Member of the Cabinet of the Netherlands Antilles
- Monarch: Beatrix of the Netherlands
- Governor: René Römer

Personal details
- Born: 1944 or 1945 (age 80–81)
- Profession: Social worker

= Elaine Gumbs-Vlaun =

Elaine Gumbs-Vlaun is a St. Maartener who was the first social worker on the island, and founded the Department of Social Services. She was also the first female parliamentarian, having served under the Netherlands Antilles.

==Career==
Elaine Gumbs-Vlaun founded the Sint Maarten department of Social Services, while acting as the island's original social worker. She was elected to the island council in 1983, and at the time was promoted as being the first woman to achieve that role, although Cornelia Jones predated her within the Windward Islands. Gumbs-Vlaun also served as part of the Cabinet of the Netherlands Antilles. This made her the first Sint Maarten woman to be elected to a parliament.

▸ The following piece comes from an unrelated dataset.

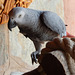 African grey parrot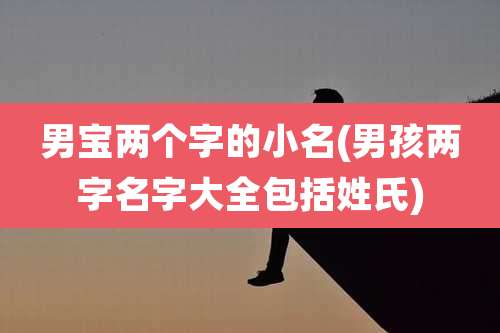 男宝两个字的小名(男孩两字名字大全包括姓氏)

Gumbs-Vlaun was one of the founding members of the Mental Health Foundation in Sint Maarten in 2000, as part of a government initiative. In 2011, she became a member of the Social Economic Council (SER) and was reappointed in May 2014. Gumbs-Vlaun retired in 2015 upon reaching the age of 70. The chair of the SER, Oldine Bryson-Pantophlet, praised the work of Gumbs-Vlaun, saying that she kept her composure despite the sometimes heated discussions that would be held at the council.